Finally, we feed this “test harness” and vulnerable DLL to the Microsoft Security Risk Detection fuzzing suite and observe what happens. Now that we have done the hard work of building a “test harness,” Microsoft has made the process of getting their fuzzer running on our target application pretty easy. Basically, the target application and some seed inputs are all uploaded to a Virtual Machine. This process is documented by Microsoft. After starting our job and letting it run for a couple hours, the following was observed. As can be seen below, the fuzzer has a result.
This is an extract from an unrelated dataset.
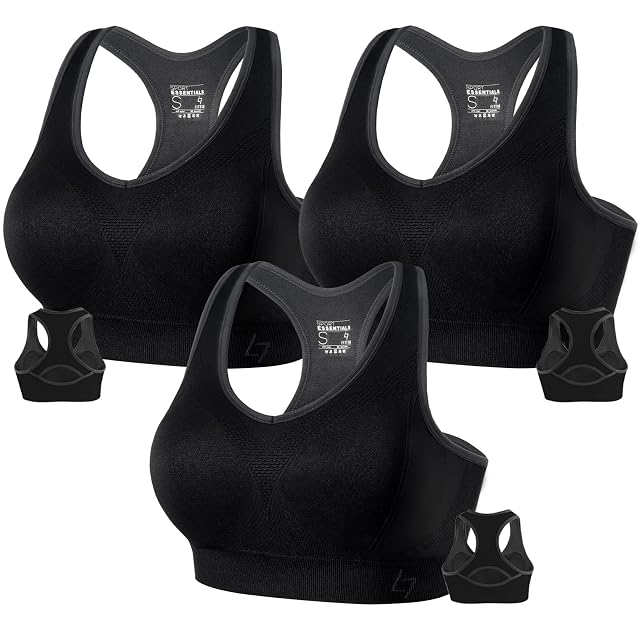 FITTIN Racerback Sports Bras for Women - Padded Seamless Support Bra for Yoga Gym Workout Fitness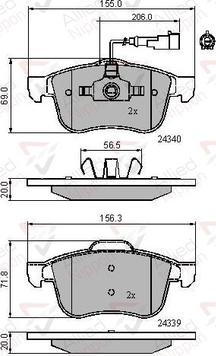 KRAFT AUTOMOTIVE 6006893 - Bremžu uzliku kompl., Disku bremzes ps1.lv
After opening the “VDA Test Harness” job, we observed that an exception was encountered. All the debug details and the actual fuzzing input that caused the exception are downloadable. Next, we clicked on the “Logs” tab to view more detailed output from Windbg.
After looking through the debugger logs below, we observed that an “Access violation” error occurred, and the specific location was in the target DLL inside “VulnFunction,” which is where we placed the stack overflow vulnerability.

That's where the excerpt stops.